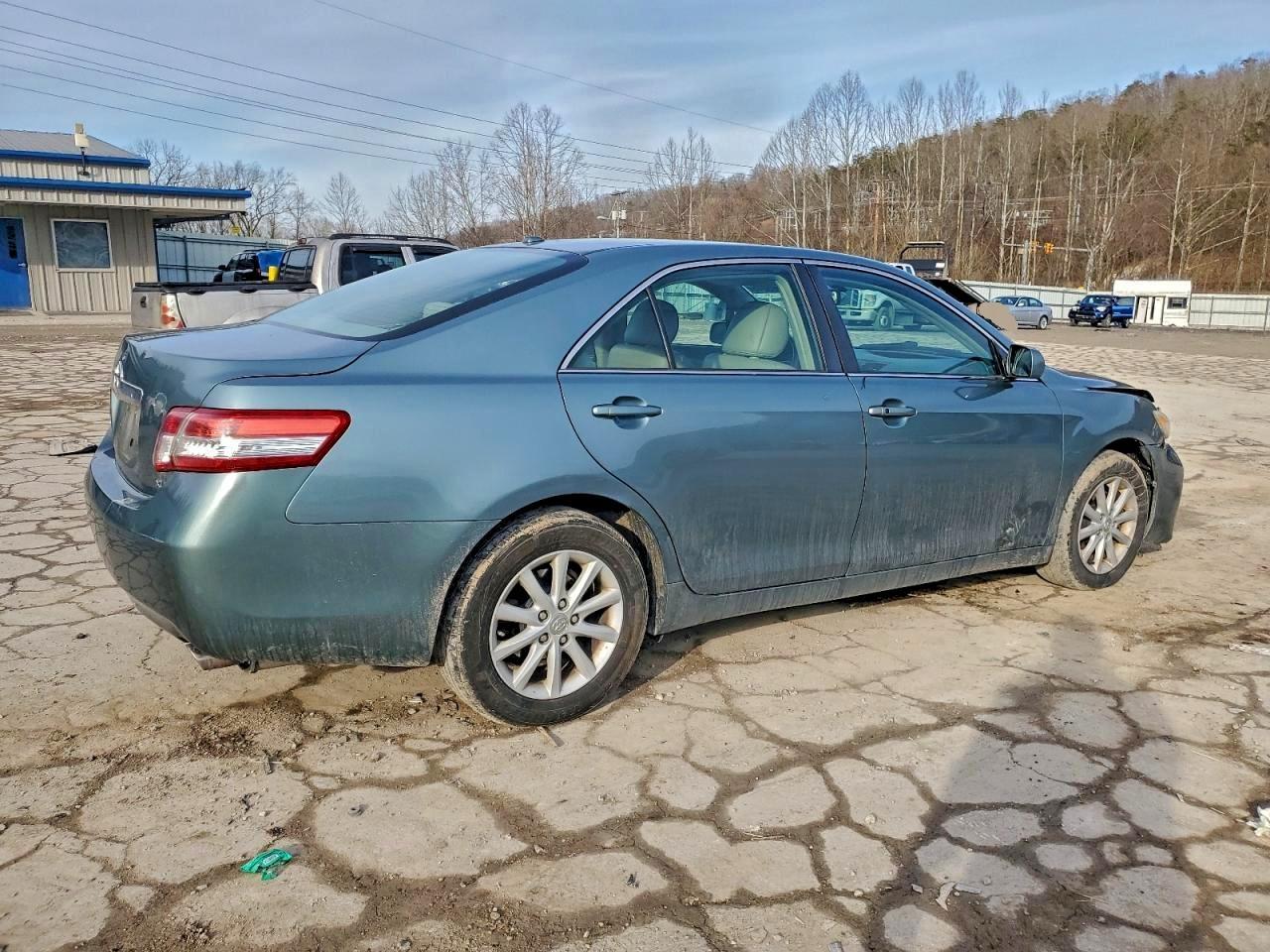 2010 TOYOTA CAMRY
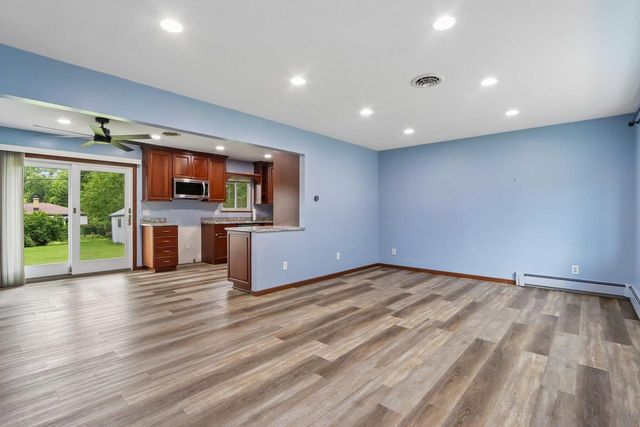 N91W17573 Saint Regis STREET, Menomonee Falls, WI 53051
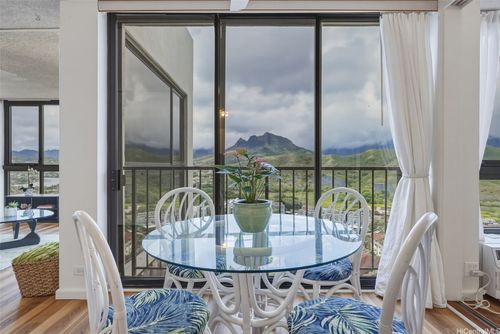 ph8-322 Aoloa St, Kailua, HI, 96734-3041 | Card Image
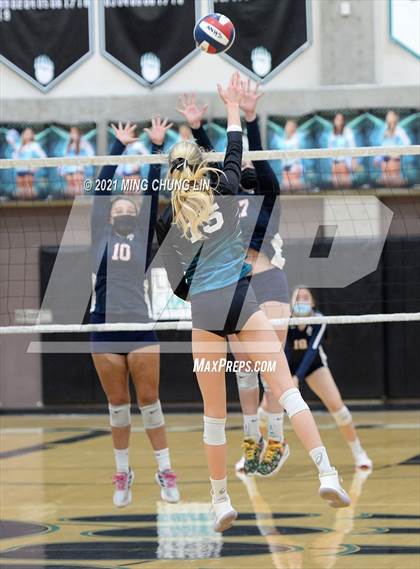 Thumbnail 2 in La Salle @ Aliso Niguel (CIF SS D2 Semifinal) photogallery.
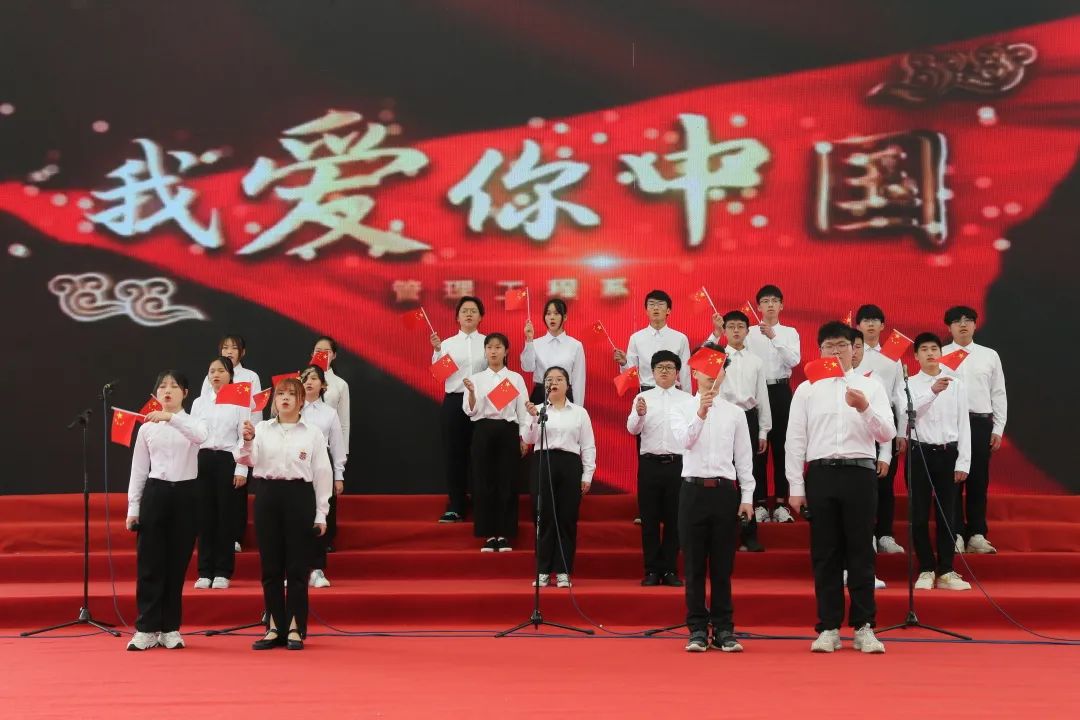 d231a1fe5103aaef557f288d132c714e.jpg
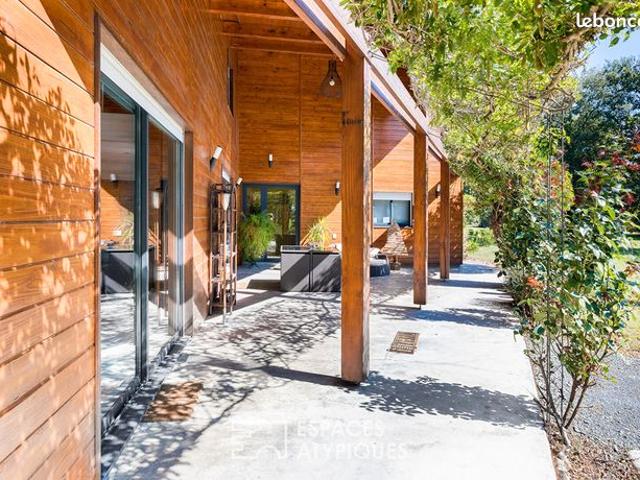 Maison 6 pièces 280 m²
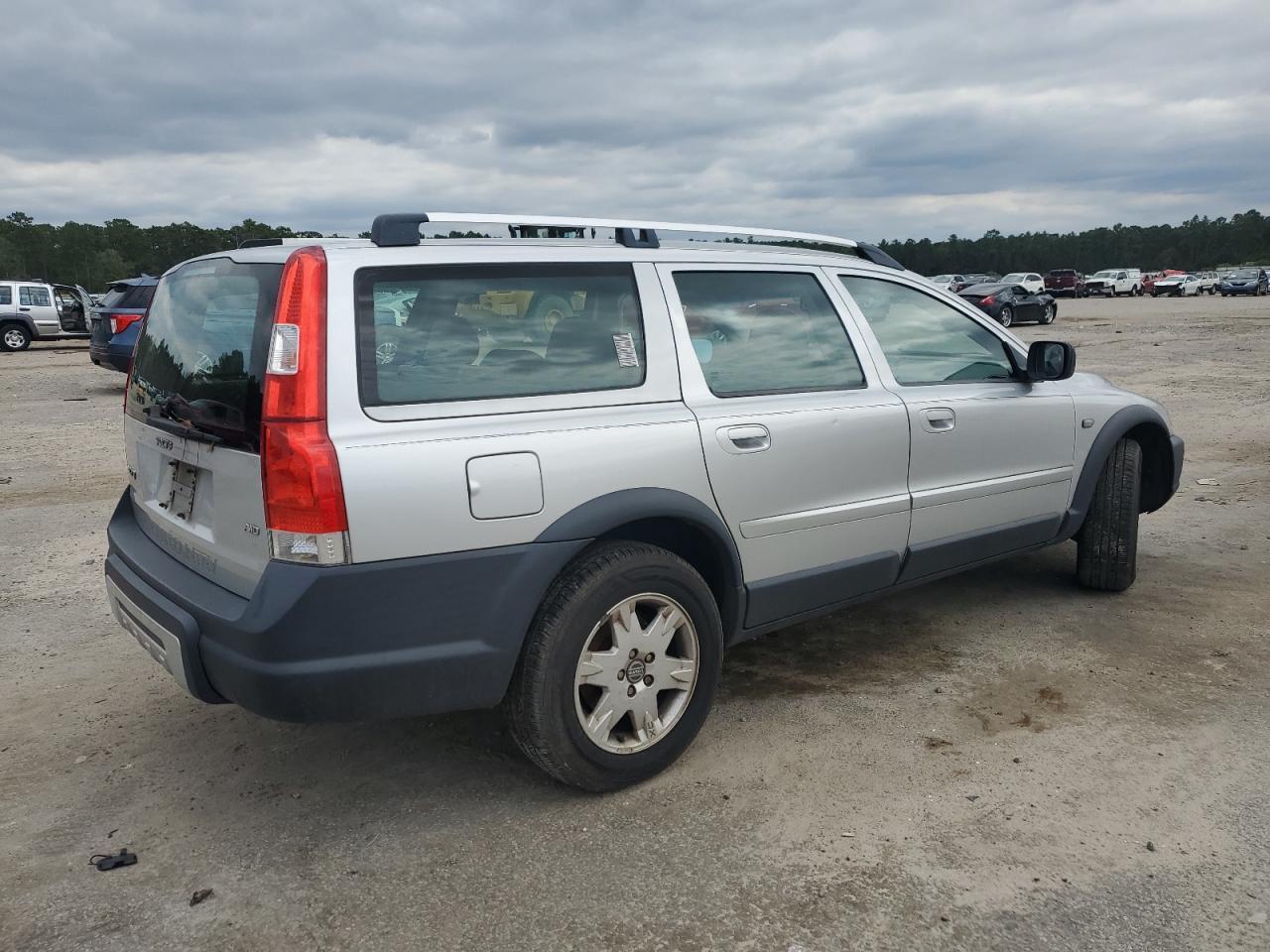 2006 VOLVO XC70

━━━━━━━━━━

**TRY IT**
Your reply should hold every line of the material, unaltered, and not one picture.

**OUTPUT OF THE EXERCISE**
 2010 TOYOTA CAMRY
 N91W17573 Saint Regis STREET, Menomonee Falls, WI 53051
 ph8-322 Aoloa St, Kailua, HI, 96734-3041 | Card Image
 Thumbnail 2 in La Salle @ Aliso Niguel (CIF SS D2 Semifinal) photogallery.
 d231a1fe5103aaef557f288d132c714e.jpg
 Maison 6 pièces 280 m²
 2006 VOLVO XC70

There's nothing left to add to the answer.